● Problem: Retype, word for word, every line from the one holding "In Lighter Mood" through the one holding "Paper Filigree Painting" in the entries below, both included, and only those lines.

● Data extract:
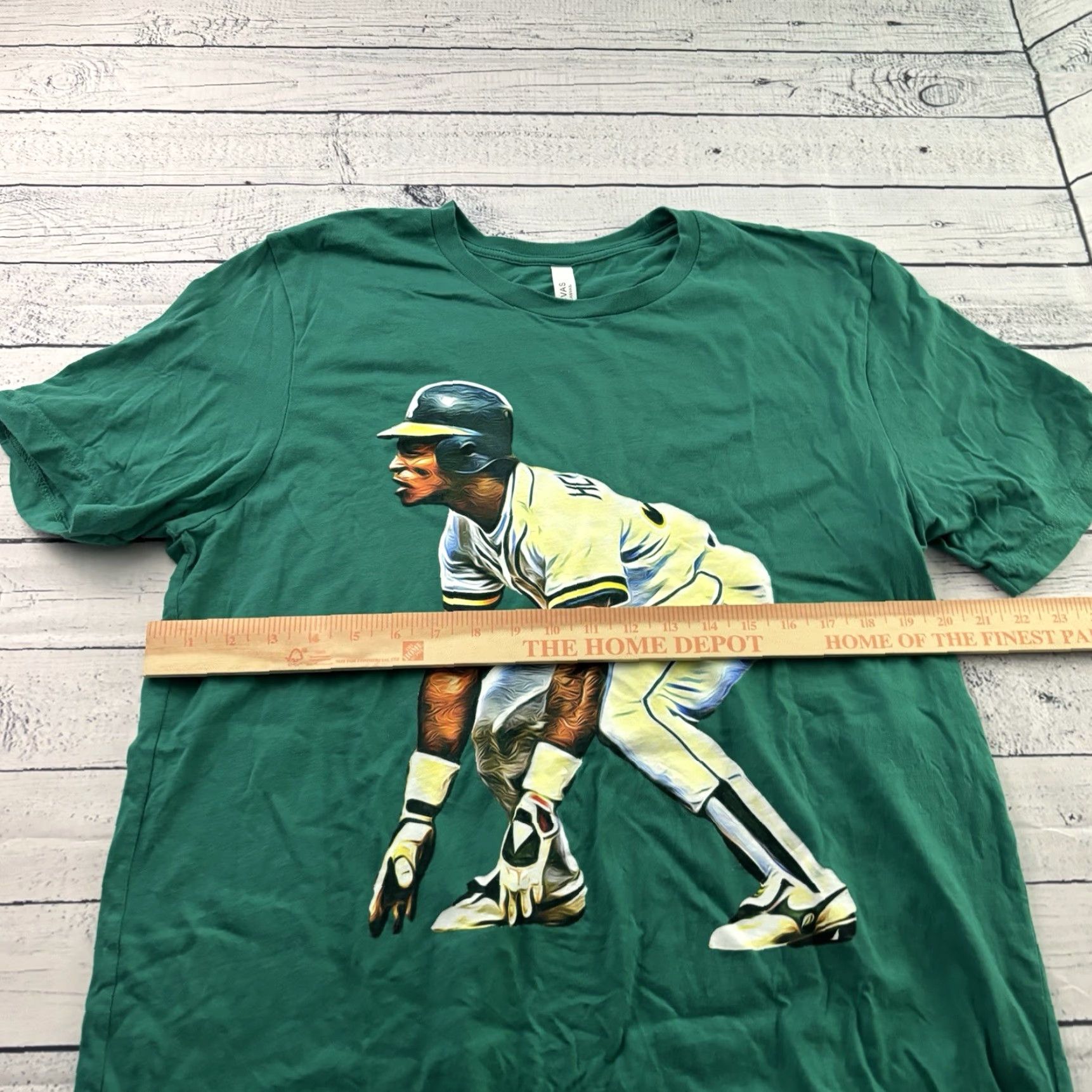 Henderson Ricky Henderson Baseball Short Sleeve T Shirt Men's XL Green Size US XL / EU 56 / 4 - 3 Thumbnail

--

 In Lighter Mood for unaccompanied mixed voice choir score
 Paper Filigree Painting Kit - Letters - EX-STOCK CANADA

...

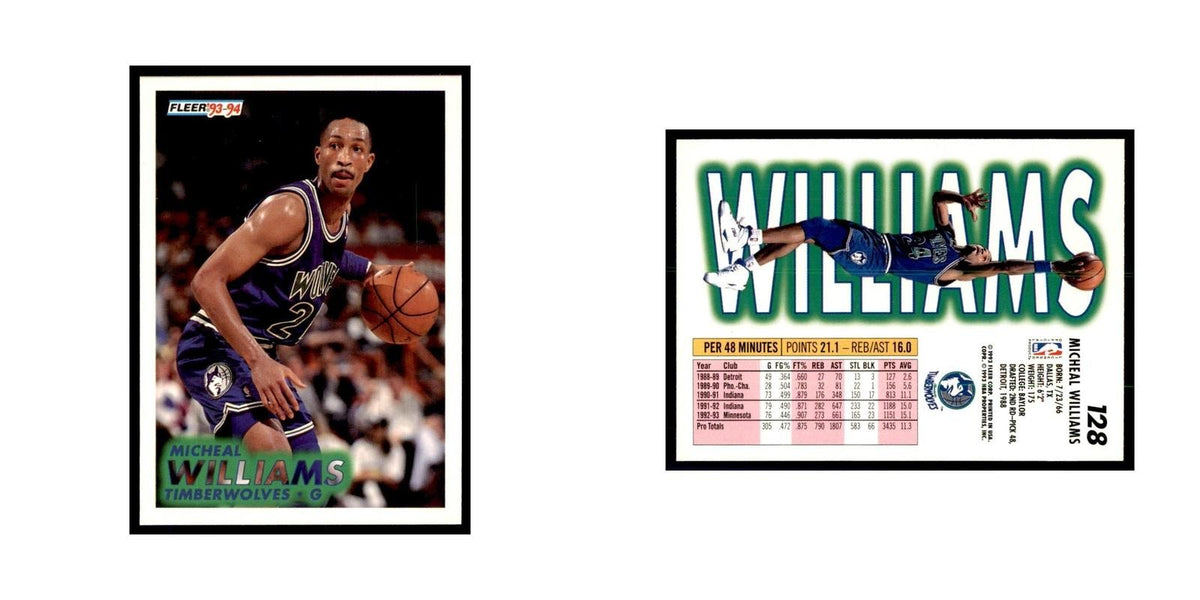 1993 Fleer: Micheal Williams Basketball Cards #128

● Exercise response:
 In Lighter Mood for unaccompanied mixed voice choir score
 Paper Filigree Painting Kit - Letters - EX-STOCK CANADA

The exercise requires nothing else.